Dataset extract
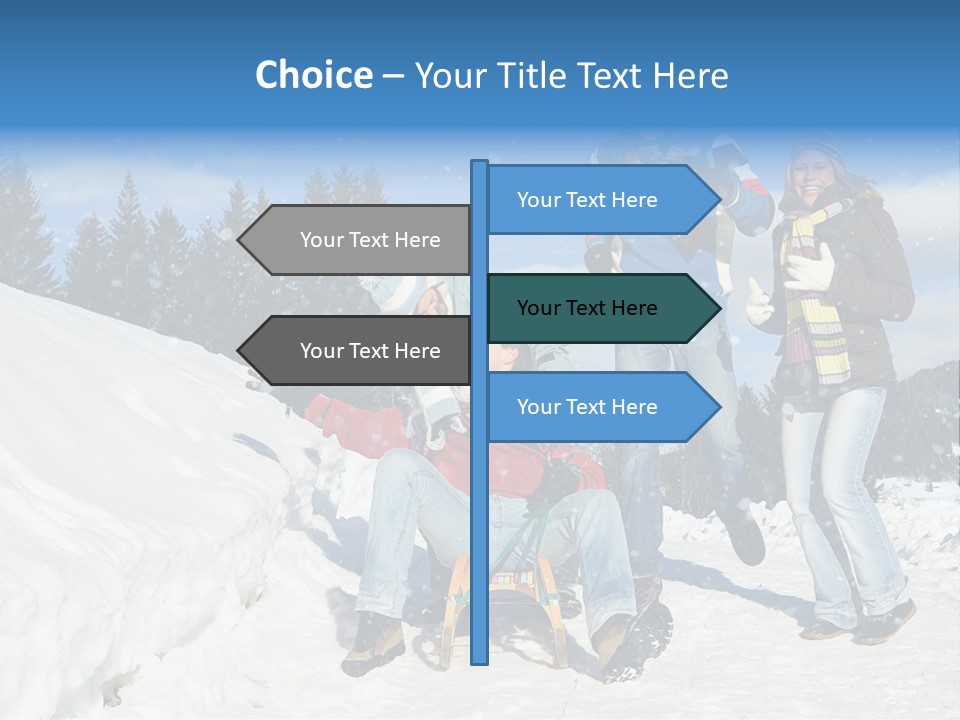A Group Of People Standing On Top Of A Snow Covered Slope PowerPoint Template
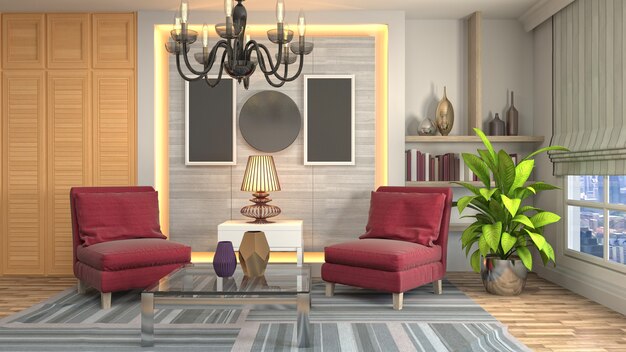 Illustrazione dell'interno del soggiorno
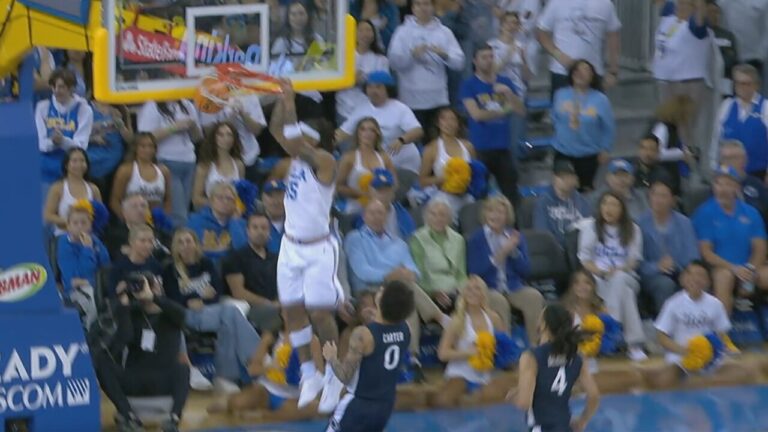 UCLA’s Skyy Clark & Kobe Johnson throw down dunks in back-to-back possessions against Penn State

Activity
Return all the lines above exactly; none of the pictures should appear.

Written solution
A Group Of People Standing On Top Of A Snow Covered Slope PowerPoint Template
 Illustrazione dell'interno del soggiorno
 UCLA’s Skyy Clark & Kobe Johnson throw down dunks in back-to-back possessions against Penn State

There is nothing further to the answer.